Kubernetes + Plural

At Plural, we're trying to make the deployment of whatever software a developer organization wants to use a simple, consistent process.  For anyone who has had experience wrangling distributed systems since perhaps three years ago, the experience was anything but that, and this goal would have been practically unattainable. Fortunately, with the advent of containerization and now kubernetes, there is finally a platform powerful enough for us to manage this.  But how?  Let's first take an analogy to manufacturing process breakthroughs from the prior century.

The Ford Model T was groundbreaking not so much because it was a better car, but because it was a car made out of standardized, interchangeable parts. It had strict definitions for things like tires, body paneling, and engine components. This enabled easy spin-up of new factories to produce Model T's, training of employees at those factories, and low servicing costs when they broke down.

Similarly to the Ford Model T, Kubernetes brought standardization to distributed systems.

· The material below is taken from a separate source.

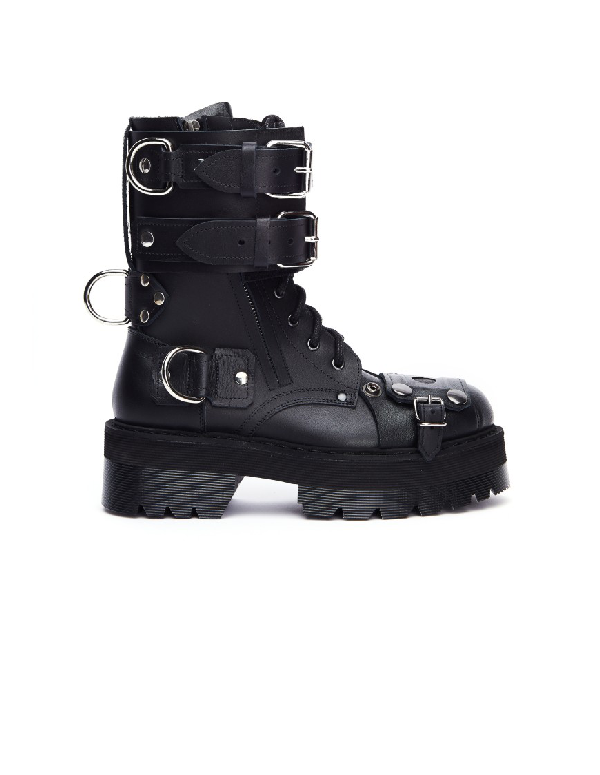 army boots black leather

Pre-Kubernetes, everything was bespoke – engineers managed distributed systems using a motley assortment of one-off cloud consoles, bash scripts, and Python scripts.

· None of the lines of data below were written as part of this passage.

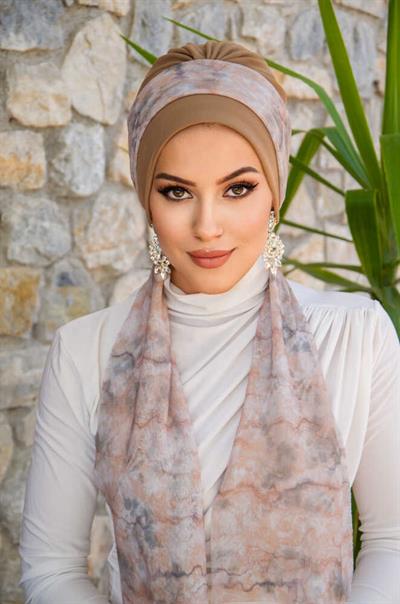 Bej Ebruli Desen Fularlı Bone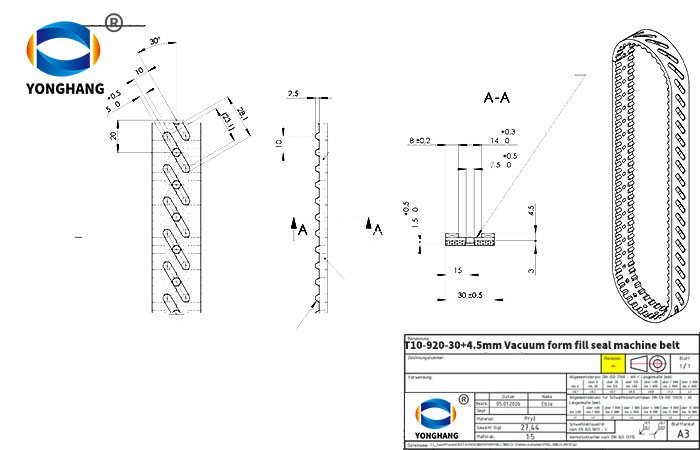 30T10 9204.5 Vffs Belt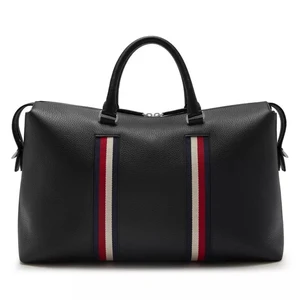 Custom Logo Black Pebble Leather Men's Zipper Travel Duffel Weekender Overnight Bag for Men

This is the documentation for installing Looker on-prem. It's an outrageous amount of instructions that no one can be expected to follow correctly. And Looker isn't even particularly old tech. This is the kind of installation that devops engineers are regularly expected to deal with.

With Kubernetes, for the first time, you had a way of describing deployment logic, config management, networking, rbac policies, and ACL rules, that was interchangeable across on-prem or any cloud provider. You could declaratively specify what a distributed system should look like within a set of yaml files, package these files up, and move them around between different clusters. Standardization enabled portability.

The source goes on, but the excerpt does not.